Family atmosphere plays key role in Lady Bulldog basketball’s first ever state title

The+Lady+Bulldogs+celebrate+their+state+championship+as+the+final+seconds+tick+away.+At+the+end+of+the+bench%2C+Hannah+Claire+Stephens+hugs+Reese+Underwood.

Meghan Oros

The Lady Bulldogs celebrate their state championship as the final seconds tick away. At the end of the bench, Hannah Claire Stephens hugs Reese Underwood.

Getting on the bus to head to the state tournament was a small moment in the context of the whole trip to Murfreesboro.

After all, the Lady Bulldogs held up the state championship trophy five days later.
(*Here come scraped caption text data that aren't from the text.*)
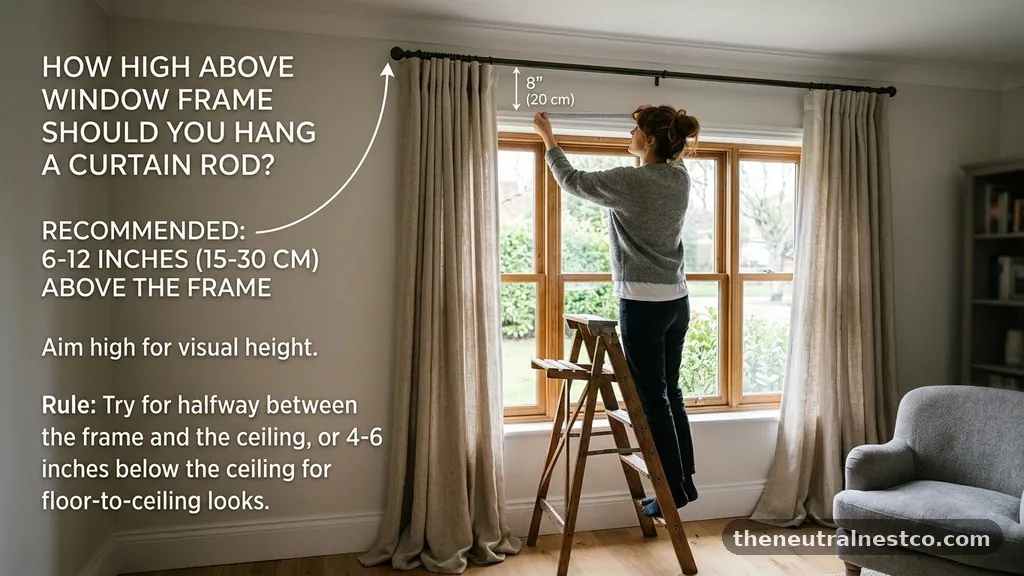 Working with Floor-to-Ceiling Curtains - How High Above the Window Frame Should You Hang a Curtain Rod?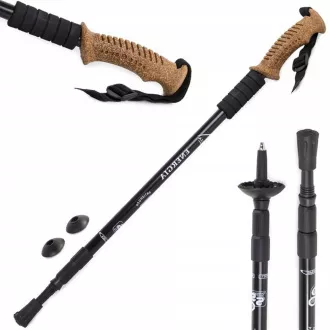 Kije trekkingowe Nordic Walking z ergonomiczną korkową rączką, 135 cm, 2 szt.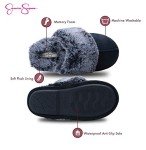Jessica Simpson Women's Comfy Faux Fur House Slipper Scuff Memory Foam Slip on Anti-Skid Sole, Navy, Large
But if you happened to be there to watch the team exit the building through a tunnel of cheering students and staff, you would have seen two of the most iconic – albeit, smallest – parts of the Bearden girls basketball team on either end of the procession.

Landon Underwood was ahead of everyone heading to the bus with a pillow clutched in his arms, and his sister Reese was right behind the final players, pulling two rolling suitcases.

Just two of the team’s biggest fans getting ready for a week of basketball they’d surely never forget.

Coach Justin Underwood’s veteran group won Bearden’s first ever girls basketball state championship in March with a 52-34 win over Farragut, and it would be impossible to separate the family atmosphere surrounding the program from their sustained success.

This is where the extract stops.